Short text fragments from websites:
------

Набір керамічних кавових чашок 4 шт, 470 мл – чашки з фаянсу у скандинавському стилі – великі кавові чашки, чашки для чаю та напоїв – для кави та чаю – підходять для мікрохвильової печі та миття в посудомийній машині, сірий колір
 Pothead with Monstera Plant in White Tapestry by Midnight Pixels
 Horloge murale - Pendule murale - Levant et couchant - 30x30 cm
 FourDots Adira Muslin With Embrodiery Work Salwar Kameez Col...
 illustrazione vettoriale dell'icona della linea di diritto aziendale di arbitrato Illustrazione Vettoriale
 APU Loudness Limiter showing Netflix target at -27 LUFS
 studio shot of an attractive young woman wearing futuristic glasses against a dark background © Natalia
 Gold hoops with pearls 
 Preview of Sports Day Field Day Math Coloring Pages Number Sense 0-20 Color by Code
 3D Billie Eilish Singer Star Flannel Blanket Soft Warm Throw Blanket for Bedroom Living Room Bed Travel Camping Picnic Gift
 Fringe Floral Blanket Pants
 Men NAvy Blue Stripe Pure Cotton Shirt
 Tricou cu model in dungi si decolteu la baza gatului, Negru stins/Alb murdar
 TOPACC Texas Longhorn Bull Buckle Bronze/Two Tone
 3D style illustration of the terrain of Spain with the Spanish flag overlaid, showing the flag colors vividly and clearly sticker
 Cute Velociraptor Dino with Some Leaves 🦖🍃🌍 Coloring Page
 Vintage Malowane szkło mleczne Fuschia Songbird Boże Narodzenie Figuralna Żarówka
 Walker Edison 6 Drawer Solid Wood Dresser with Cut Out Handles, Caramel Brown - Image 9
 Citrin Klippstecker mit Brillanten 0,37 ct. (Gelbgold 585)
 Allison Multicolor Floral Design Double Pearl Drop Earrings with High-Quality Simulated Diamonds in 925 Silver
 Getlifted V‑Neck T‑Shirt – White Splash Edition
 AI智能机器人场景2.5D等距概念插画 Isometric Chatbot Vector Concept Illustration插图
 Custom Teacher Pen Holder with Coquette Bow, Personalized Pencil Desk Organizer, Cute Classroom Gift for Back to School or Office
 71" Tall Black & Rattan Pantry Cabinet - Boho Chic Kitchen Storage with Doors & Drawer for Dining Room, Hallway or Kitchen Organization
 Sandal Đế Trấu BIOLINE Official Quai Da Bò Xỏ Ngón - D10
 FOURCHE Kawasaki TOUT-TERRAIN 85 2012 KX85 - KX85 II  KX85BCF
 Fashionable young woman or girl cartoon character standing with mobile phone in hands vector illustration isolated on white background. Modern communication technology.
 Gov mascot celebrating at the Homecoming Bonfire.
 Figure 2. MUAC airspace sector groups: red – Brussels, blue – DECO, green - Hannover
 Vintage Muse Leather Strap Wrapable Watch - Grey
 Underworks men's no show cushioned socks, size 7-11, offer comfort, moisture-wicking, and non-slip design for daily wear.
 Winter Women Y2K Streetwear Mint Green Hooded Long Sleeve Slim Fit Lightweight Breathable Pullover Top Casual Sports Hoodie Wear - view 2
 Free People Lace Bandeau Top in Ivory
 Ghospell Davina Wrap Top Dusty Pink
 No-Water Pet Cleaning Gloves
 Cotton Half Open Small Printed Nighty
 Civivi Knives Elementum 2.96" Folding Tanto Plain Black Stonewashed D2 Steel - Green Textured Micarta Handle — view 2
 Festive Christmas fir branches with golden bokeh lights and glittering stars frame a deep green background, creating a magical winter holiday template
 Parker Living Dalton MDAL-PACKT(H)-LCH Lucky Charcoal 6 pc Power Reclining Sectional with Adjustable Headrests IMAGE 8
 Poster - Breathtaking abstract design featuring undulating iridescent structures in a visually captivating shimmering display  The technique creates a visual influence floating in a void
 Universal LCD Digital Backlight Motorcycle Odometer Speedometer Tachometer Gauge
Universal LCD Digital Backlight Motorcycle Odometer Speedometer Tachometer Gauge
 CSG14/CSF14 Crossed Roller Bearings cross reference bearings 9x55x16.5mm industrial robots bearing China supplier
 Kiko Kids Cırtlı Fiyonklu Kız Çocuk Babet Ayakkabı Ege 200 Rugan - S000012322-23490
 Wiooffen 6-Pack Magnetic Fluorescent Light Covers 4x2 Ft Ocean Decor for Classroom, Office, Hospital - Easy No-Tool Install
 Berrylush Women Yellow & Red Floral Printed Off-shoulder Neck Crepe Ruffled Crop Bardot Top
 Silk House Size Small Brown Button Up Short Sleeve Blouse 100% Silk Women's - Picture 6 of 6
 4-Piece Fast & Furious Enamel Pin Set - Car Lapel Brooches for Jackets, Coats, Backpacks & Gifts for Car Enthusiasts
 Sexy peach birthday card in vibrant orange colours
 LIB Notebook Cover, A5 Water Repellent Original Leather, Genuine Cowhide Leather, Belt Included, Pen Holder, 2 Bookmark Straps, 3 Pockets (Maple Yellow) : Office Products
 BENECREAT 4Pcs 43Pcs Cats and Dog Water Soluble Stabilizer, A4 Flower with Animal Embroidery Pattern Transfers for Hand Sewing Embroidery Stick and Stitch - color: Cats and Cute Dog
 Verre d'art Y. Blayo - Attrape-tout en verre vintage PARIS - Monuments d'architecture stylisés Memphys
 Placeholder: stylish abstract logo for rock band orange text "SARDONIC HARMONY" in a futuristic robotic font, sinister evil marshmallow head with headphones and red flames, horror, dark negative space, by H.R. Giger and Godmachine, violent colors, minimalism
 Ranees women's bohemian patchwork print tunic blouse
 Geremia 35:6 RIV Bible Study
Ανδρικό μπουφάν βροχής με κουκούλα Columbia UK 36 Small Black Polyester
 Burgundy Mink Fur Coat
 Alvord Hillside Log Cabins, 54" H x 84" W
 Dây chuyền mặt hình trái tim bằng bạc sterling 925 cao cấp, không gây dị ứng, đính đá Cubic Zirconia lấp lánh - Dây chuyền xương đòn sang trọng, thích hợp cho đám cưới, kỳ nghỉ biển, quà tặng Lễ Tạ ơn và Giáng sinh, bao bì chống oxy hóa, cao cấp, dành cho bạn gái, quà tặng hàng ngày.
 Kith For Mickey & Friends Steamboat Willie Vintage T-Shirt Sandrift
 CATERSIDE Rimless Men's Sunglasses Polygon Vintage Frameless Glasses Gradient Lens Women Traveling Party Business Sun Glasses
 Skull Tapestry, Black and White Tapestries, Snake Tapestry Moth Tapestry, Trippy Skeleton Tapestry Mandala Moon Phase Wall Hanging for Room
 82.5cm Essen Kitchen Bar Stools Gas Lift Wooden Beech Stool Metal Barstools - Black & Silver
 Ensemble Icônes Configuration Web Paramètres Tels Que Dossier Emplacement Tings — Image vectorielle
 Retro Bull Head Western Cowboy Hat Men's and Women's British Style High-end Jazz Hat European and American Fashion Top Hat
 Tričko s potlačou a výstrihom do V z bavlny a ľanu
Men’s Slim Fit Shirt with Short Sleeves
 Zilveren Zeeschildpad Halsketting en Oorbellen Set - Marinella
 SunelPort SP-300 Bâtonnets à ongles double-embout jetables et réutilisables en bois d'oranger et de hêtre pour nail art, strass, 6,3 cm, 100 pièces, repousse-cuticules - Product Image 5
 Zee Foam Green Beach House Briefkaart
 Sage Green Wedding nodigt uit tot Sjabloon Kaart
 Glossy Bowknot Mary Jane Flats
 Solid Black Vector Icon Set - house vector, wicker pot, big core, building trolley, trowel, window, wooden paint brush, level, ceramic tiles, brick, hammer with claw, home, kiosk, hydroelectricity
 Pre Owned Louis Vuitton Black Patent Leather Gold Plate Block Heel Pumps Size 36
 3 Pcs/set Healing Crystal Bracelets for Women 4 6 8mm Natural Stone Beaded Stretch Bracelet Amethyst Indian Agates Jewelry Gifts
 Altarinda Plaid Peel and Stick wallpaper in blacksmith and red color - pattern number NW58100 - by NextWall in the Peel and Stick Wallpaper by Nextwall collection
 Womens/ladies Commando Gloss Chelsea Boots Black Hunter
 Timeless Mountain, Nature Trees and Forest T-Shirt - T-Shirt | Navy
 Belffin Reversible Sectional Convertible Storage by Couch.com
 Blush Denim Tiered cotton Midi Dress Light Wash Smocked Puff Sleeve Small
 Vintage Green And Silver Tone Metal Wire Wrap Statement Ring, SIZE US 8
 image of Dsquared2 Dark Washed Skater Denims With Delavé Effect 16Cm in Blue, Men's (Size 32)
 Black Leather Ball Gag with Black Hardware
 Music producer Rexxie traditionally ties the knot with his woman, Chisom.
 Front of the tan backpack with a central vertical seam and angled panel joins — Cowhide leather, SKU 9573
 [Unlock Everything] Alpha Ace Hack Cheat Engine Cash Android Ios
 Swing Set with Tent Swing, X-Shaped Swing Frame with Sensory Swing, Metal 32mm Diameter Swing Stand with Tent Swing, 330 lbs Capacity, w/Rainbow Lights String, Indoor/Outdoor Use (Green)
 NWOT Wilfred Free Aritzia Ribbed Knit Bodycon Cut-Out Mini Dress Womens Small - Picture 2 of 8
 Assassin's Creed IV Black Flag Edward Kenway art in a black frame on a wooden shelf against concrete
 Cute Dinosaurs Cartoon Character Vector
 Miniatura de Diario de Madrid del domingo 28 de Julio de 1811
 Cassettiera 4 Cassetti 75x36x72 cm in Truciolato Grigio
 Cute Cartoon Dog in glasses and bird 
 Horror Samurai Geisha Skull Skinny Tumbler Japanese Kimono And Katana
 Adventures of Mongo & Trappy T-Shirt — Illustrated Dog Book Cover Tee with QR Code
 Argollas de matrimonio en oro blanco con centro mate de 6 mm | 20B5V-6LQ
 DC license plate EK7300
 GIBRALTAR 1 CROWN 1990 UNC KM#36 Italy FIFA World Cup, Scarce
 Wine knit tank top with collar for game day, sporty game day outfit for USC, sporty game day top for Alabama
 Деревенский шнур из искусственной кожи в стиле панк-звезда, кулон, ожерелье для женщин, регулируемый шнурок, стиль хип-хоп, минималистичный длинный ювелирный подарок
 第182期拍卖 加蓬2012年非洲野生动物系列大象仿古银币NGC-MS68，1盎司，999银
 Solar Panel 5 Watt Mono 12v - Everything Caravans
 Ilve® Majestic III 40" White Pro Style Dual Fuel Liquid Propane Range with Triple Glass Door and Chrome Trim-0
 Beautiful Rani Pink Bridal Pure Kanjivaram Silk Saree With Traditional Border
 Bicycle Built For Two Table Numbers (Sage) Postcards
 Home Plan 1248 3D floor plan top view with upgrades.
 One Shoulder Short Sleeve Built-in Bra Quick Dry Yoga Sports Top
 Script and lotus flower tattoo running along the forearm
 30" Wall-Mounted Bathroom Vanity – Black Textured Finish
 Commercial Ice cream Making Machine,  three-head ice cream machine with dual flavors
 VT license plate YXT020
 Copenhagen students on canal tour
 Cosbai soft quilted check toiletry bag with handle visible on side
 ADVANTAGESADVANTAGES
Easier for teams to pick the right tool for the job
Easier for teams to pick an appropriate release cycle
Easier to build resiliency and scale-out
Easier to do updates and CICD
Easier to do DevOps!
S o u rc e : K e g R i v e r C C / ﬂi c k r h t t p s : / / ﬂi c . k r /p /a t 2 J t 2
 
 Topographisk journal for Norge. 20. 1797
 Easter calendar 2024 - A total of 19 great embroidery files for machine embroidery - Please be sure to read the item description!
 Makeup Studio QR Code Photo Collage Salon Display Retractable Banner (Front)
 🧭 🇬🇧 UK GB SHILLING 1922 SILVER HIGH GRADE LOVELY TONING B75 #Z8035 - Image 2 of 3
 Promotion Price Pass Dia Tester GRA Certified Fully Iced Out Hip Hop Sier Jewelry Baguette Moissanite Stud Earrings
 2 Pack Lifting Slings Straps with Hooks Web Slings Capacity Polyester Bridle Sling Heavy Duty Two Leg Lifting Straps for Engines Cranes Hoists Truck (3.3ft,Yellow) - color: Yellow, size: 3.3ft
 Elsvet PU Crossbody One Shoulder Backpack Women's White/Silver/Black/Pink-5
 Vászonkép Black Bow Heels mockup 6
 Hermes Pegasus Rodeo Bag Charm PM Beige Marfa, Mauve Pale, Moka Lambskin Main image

------

Task brief: Among the records above, repeat exactly the line with "Figure 2. MUAC", the line with "Civivi Knives Elementum", and every line in between, and only those.

Task solution:
 Figure 2. MUAC airspace sector groups: red – Brussels, blue – DECO, green - Hannover
 Vintage Muse Leather Strap Wrapable Watch - Grey
 Underworks men's no show cushioned socks, size 7-11, offer comfort, moisture-wicking, and non-slip design for daily wear.
 Winter Women Y2K Streetwear Mint Green Hooded Long Sleeve Slim Fit Lightweight Breathable Pullover Top Casual Sports Hoodie Wear - view 2
 Free People Lace Bandeau Top in Ivory
 Ghospell Davina Wrap Top Dusty Pink
 No-Water Pet Cleaning Gloves
 Cotton Half Open Small Printed Nighty
 Civivi Knives Elementum 2.96" Folding Tanto Plain Black Stonewashed D2 Steel - Green Textured Micarta Handle — view 2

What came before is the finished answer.